「墓参りをしないと犯罪が増える」は本当か?―歴史と現代から考える - 大分で海洋散骨 一般社団法人まるっと終活大分支援協会

「墓参りをしないと犯罪が増える」は本当か?―歴史と現代から考える

墓参りと非行率
墓参りと非行率

「墓参りと犯罪」の迷信

「墓参りをしないと罰が当たる」「墓参りを怠ると非行や犯罪が増える」――。
このような言葉は、一見するともっともらしく聞こえますが、実際には科学的根拠も統計的証明もありません。むしろ、社会の変化や宗教的な慣習を無視した一方的な意見であると言えます。

犯罪が起きる背景は教育環境や地域の治安、貧困格差、家庭内の問題などであり、墓参りの有無と結びつけるのは短絡的すぎるでしょう。


「お墓」がすべてではなかった日本の供養

昭和30年代、火葬の普及と墓地埋葬法の制定によって、ようやく「骨壺に遺骨を納め、墓石の下に収める」文化が広まりました。
それ以前はどうだったのでしょうか?

  • 土葬が一般的で子供が遺骨を引き継ぐ慣習はなかった。
  • 遺骨や墓石そのものではなく、位牌や仏壇(形代=かたしろ) に手を合わせて供養する文化。

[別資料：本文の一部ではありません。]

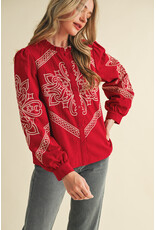 Eliza Embroidered Blouse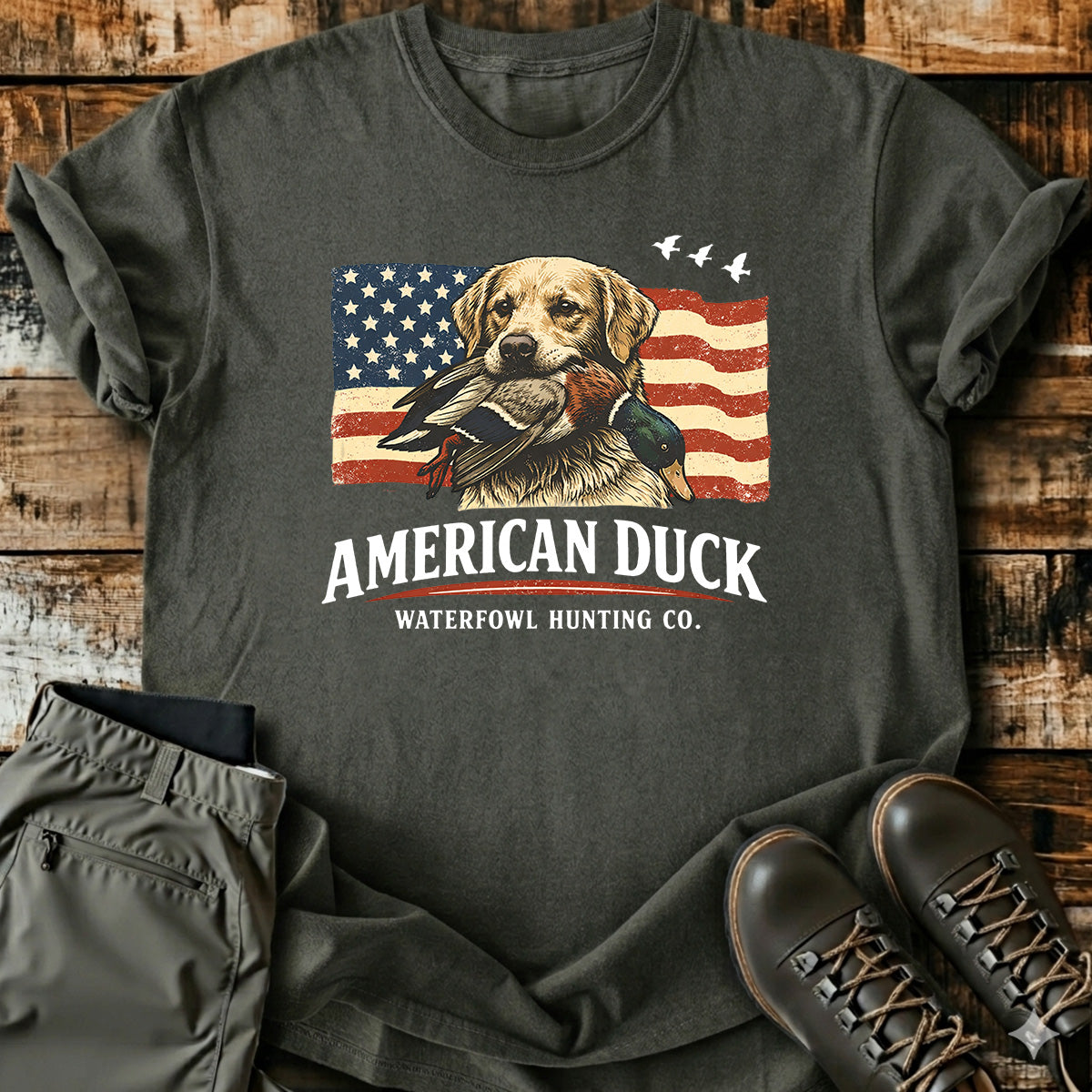 Waterfowl Hunting Dog T-Shirt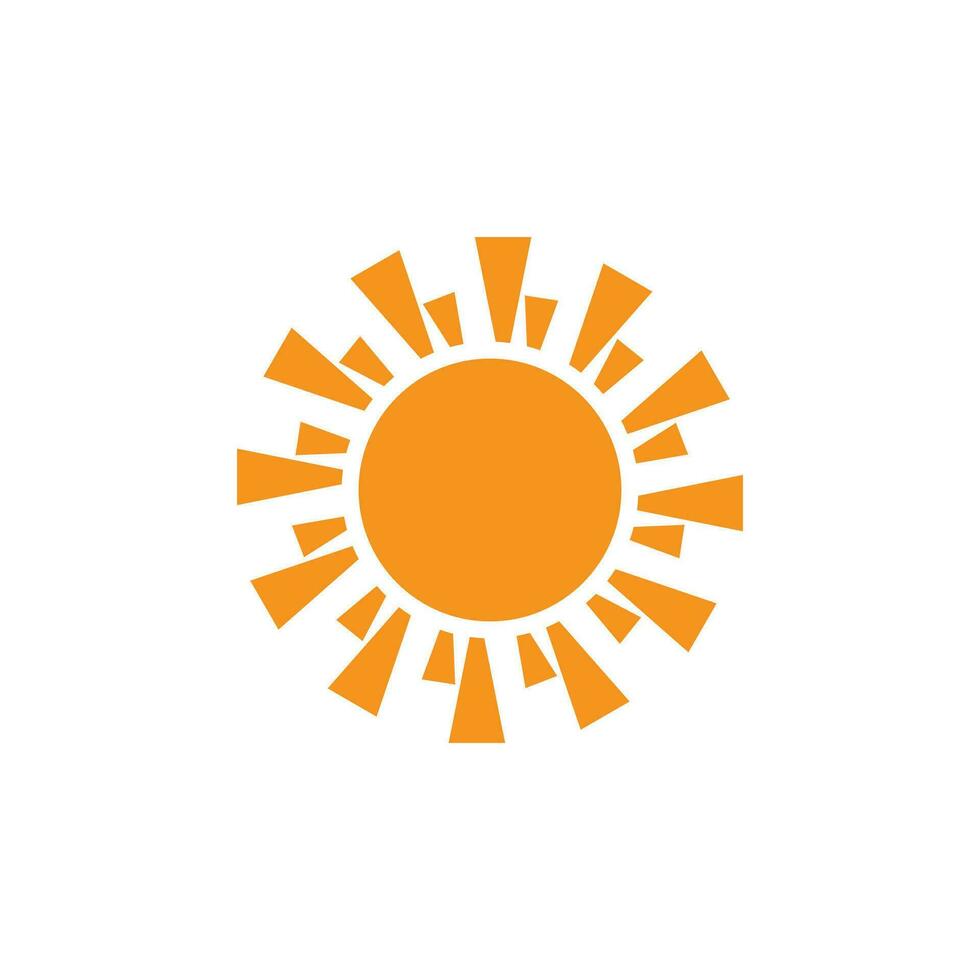 icono de ilustración de vector de sol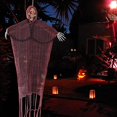 thumbnail image 5 of Halloween Decortion Horror Gauze Skull Head Hanging Ornaments Photo Props Kids Cosplay Party Halloween Bar Outdoor Ghost Decor Afortunado Sencillez, 5 of 5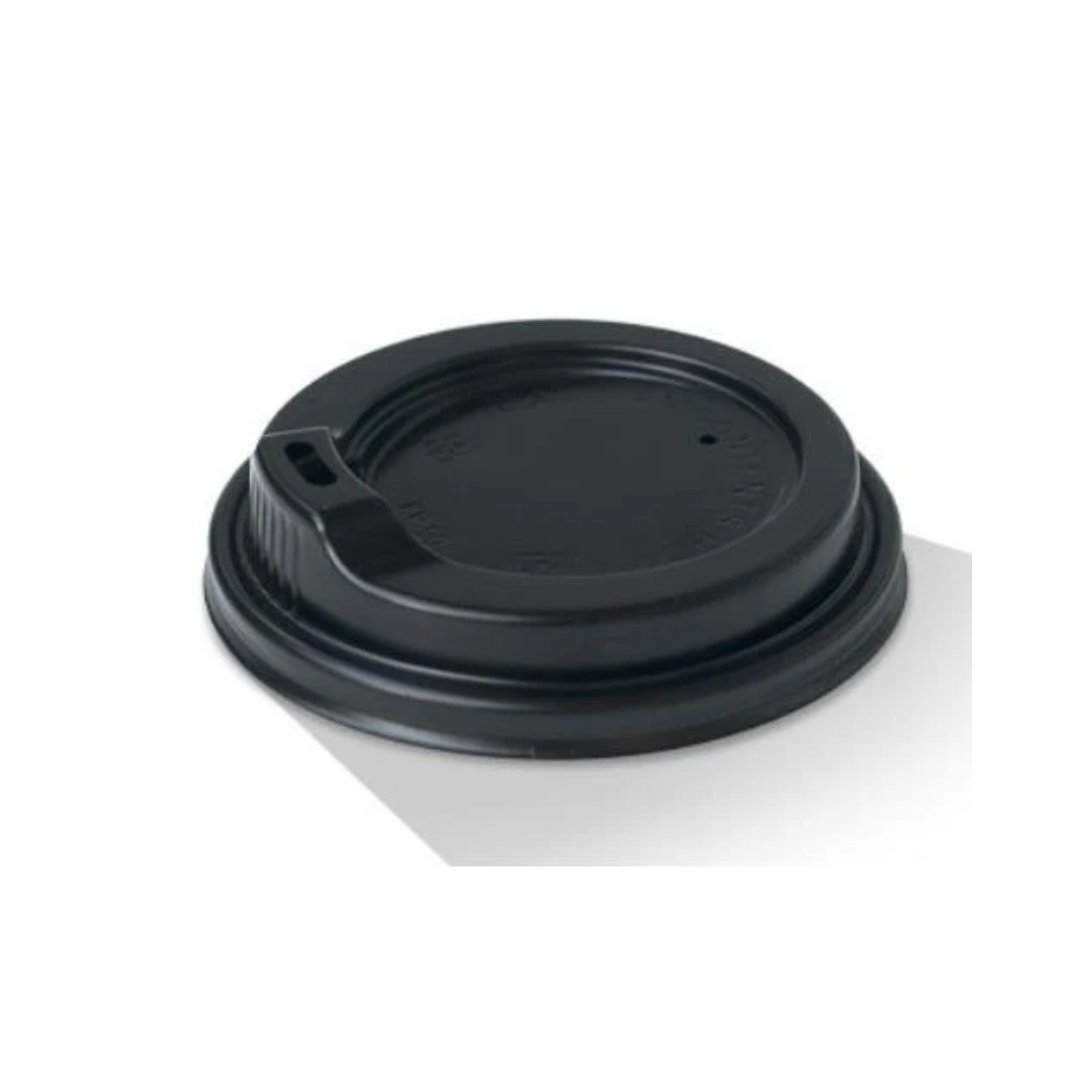 Campus & Co Coffee Cup Lid Black 50 Pack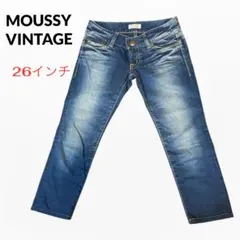 MOUSSY VINTAGE デニムジーンズ スリムフィット 26インチ ブルー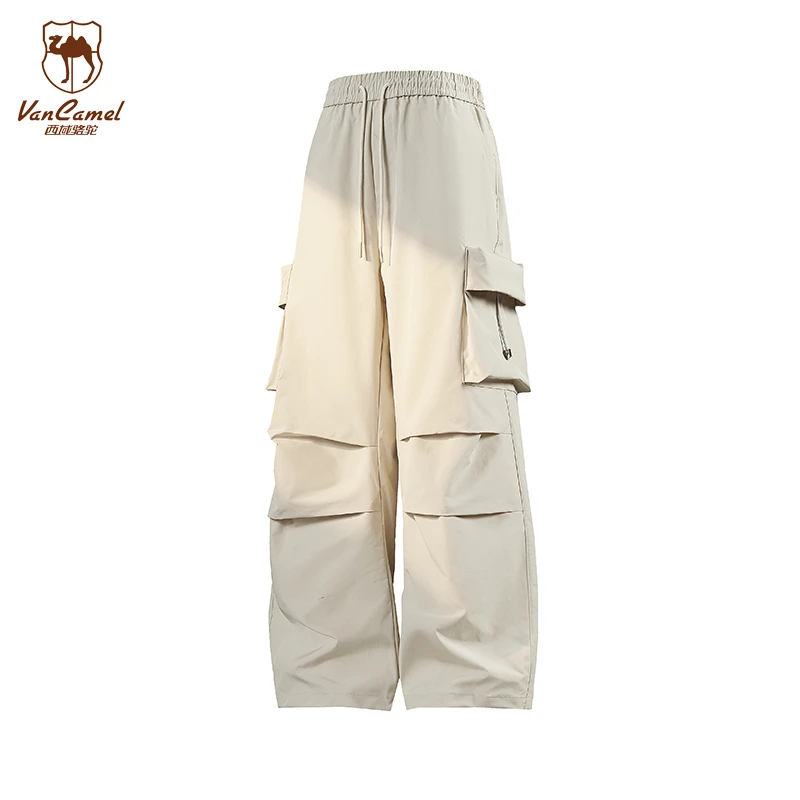 VANCAMEL/西域骆驼春秋男女休闲裤大码运动裤宽松户外工装九分裤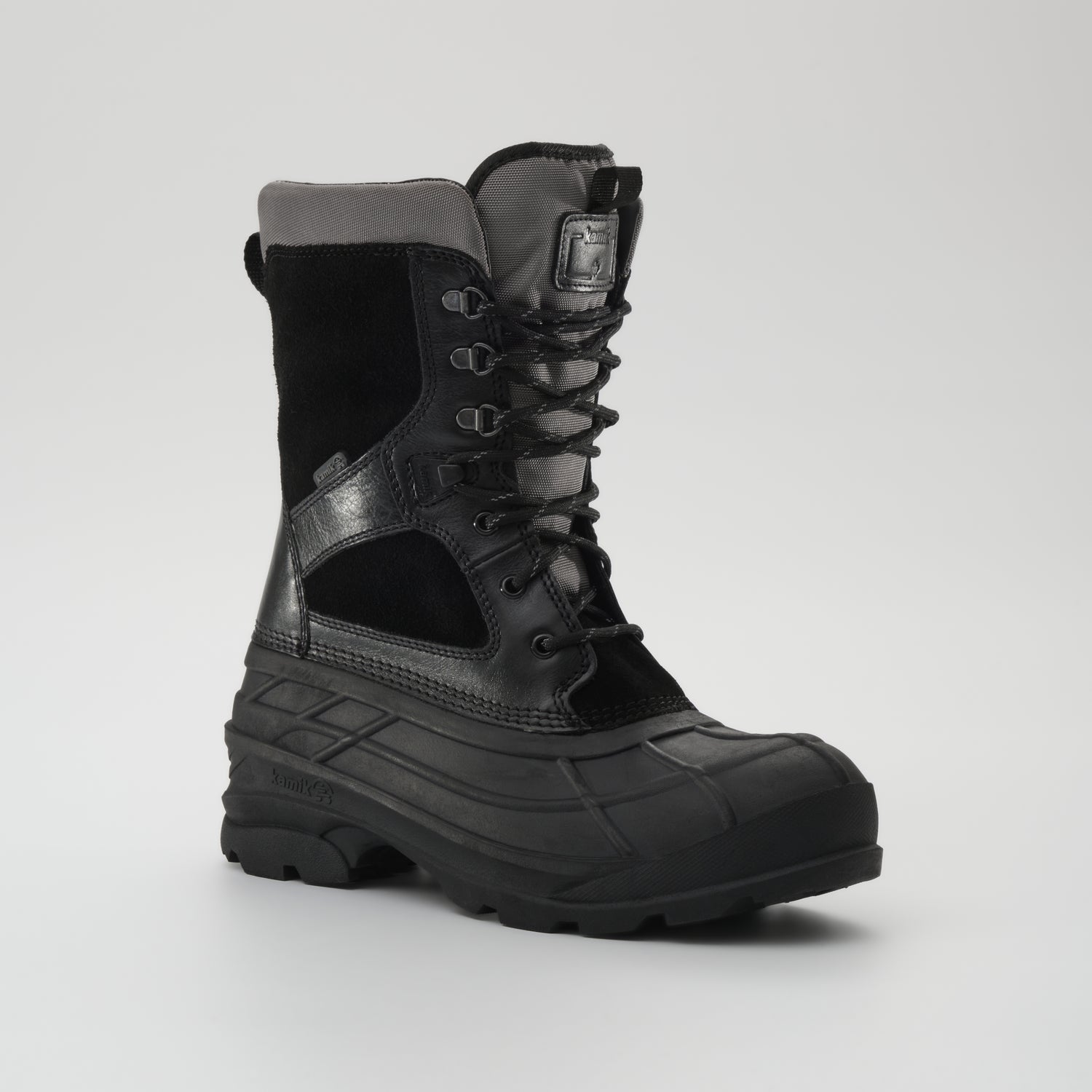 Black,Noir : Nation Plus Men's Winter Boots - Main View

つまり、日本人の供養は「お墓参り」だけではなく、生活の場でご先祖を思う日常の祈りにこそあったのです。


貧富の差と「お墓」の現実

「墓参りをしない家庭は問題がある」という偏見の裏には、経済格差も見過ごせません。

  • お金持ちの家は立派なお墓を建て、一族が近くに住み、自然と墓参りが続いてきました。
  • 一方、次男・三男の家系や都市部に移住した家庭は、新しく墓を建てなければならず、そもそも「代々のお墓」を持ちようがありません。
  • 移住者や核家族化した世帯では「墓参り」という習慣が物理的に続けられない場合も多いのです。

では「お墓がない家庭の子が犯罪を犯しやすいか?」といえば、そんな事実は一切ありません。


噂の裏にある業界の事情

「墓参りをしないと犯罪が増える」と声高に言う人の多くは、墓石・仏壇・お寺といった供養ビジネスに関わる人たちです。

  • 石材店は「お墓がなければ先祖不幸になる」と強調して墓石需要を守ろうとする。
  • お寺は「墓参りを怠れば家が滅びる」として檀家離れを食い止めようとする。
  • 仏壇店は「仏壇を処分するとご先祖が粗末に扱われる」と説く。

恐怖や不安をあおり、伝統を盾にした商売トークである場合も少なくないのです。


現代の供養は多様化している

大分県内でも「墓じまい」「仏壇処分」「海洋散骨」を選ぶ人が増えています。

  • 墓じまい:子世代への負担を軽減する選択肢。
  • 仏壇処分:形ではなく心でご先祖を敬うという考え。
  • 海洋散骨:海をお墓とし、自然に還る現代的な供養。

いずれも「伝統を壊す」行為ではなく、「次の世代を思いやる供養の形」として広がっています。


結論:大切なのは「心」であり「形」ではない

「墓参りをしないと犯罪が増える」という言葉は、恐怖を利用した偏見にすぎません。
供養の本質は ご先祖を思う心 にあり、墓石や仏壇という「物」だけが信仰の対象ではないのです。

社会や暮らしが変われば、供養の形も変わります。
墓じまい、仏壇処分、海洋散骨――。どの選択肢であっても、そこに「感謝の気持ち」と「次世代への配慮」があれば、それは立派な供養です。